Le Premier ministre britannique Boris Johnson (g) et le négociateur du Brexit pour l'Union européenne Michel Barnier, le 17 octobre 2019 à Bruxelles © AFP/Archives Kenzo TRIBOUILLARD
L’Union européenne et le Royaume-Uni ont ouvert lundi les discussions sur leur future relation post-Brexit, dans un climat tendu et sous la pression d’un calendrier imposant la prudence sur les chances d’aboutir à un accord.
Le négociateur de l’UE, le Français Michel Barnier, et son homologue britannique, David Frost, se sont retrouvés en début d’après-midi pour un entretien d’une heure, donnant officiellement le coup d’envoi de ces discussions.

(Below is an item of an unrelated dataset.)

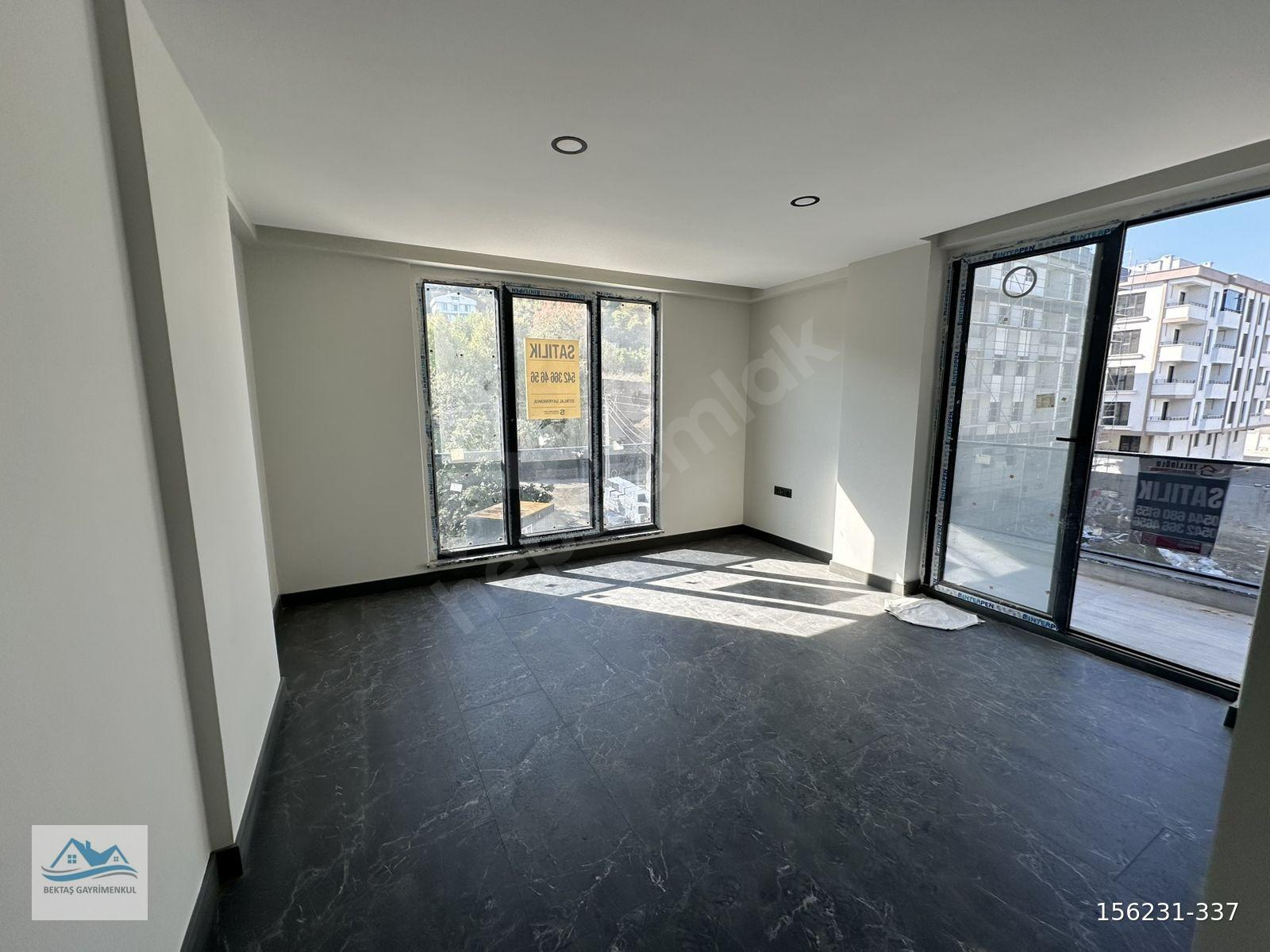 DENİZE 150 METRE ANAYOLA CEPHE SATILIK 1+1 DAİRE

Le Britannique est arrivé peu avant 14H00 (13H00 GMT), sans dire un mot, dans les locaux de la Commission européenne, où l’attendait M. Barnier.
Un premier round de pourparlers entre leurs équipes, une centaine de personnes de chaque côté, est ensuite prévu jusqu’à jeudi avec un point presse de M. Barnier.

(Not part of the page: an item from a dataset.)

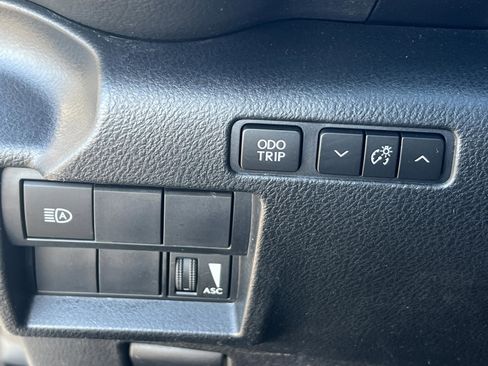 Used 2022 Lexus IS 350 F Sport image 30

Après la publication la semaine dernière des mandats de négociation des deux camps, qui ont affiché avec vigueur leurs lignes rouges confirmant des divergences profondes, toute la question est de savoir si un terrain d’entente est possible.
En cas d’échec, c’est un « no deal » avec ses conséquences économiques brutales, pour le Royaume-Uni mais aussi pour le continent, qui s’imposera à la fin de la période de transition, le 31 décembre.
D’un premier bilan des négociations prévu en juin, le gouvernement de Boris Johnson a fait une date-butoir: il menace de claquer la porte dès l’été si les discussions s’enlisent.
– Message politique –
« Dans toute négociation, il y a toujours un peu de posture », remarque Fabian Zuleeg, du European Policy Centre (EPC).
Les discussions vont se dérouler en parallèle au sein de onze groupes de négociation, avec un thème pour chacun (commerce, transports, énergie, conditions de concurrence, pêche, coopération judiciaire notamment), alternativement à Bruxelles et Londres toutes les deux à trois semaines.
– « Diktat » –
Mais compte tenu du faible temps imparti, trois domaines sont prioritaires pour l’UE: les conditions de concurrence dans l’accord de libre-échange, le règlement des différends et la pêche. Trois sujets hautement inflammables, qui promettent de chaudes discussions.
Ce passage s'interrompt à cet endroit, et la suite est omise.